Global VS Local - the new political divide
The rise of Donald Trump and Brexit are a direct result of the way politics has changed. The divide between Left and Right is diminishing and more and more voters are turning to either Globalists or Nationalist.
'For a lot of people globalisation passes them by - those are the people who voted for Brexit,' says Brian Friedman, chairman of Leaders in Mobility, in London.
Friedman continues by saying that globalisation should not always be considered something positive and that many people have not benefited from it and became poorer. As globalisation feels like an 'unstoppable force' those who oppose it are trying to push back using their national identity. One of the key objectives of globalisation is that there are no barriers for entry but that is a clash with the national identity of many citizens who feel their jobs were taken over by foreigners or left their home country.
Friedman argues that what made Trump so successful is the decrease in manufacturing jobs in the US. People fear that foreigners will break their traditions and bring instability to local communities. 'In the past everybody voted with their wallets, but with Brexit it is voting about globalisation,' says Friedman.

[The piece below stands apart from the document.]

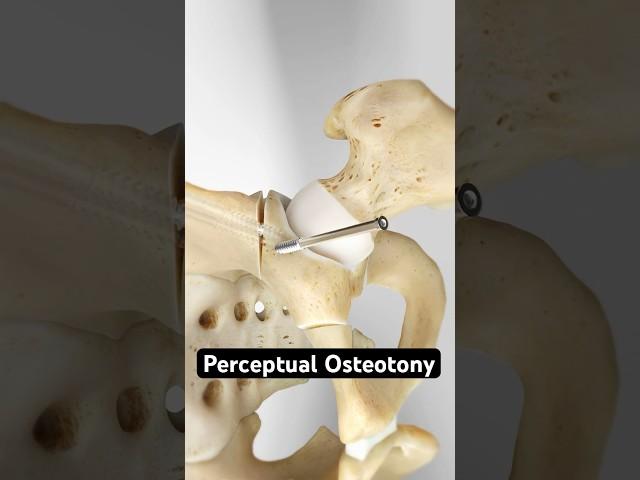 Securing a shallow hip socket (3D Animation)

He believes the economy and politics have never been so far away. Politics has won over economical logic. 'Free trade makes us better off. Barriers makes us worse off but it is not about the economy anymore.'
As the old political model doesn't work anymore parties will need to embrace the idea that people are no longer purely Left or Right and that national identity has never before been so important.
To finish Friedman underlines the three new values of Western politics: globalisation, populism, protectionism.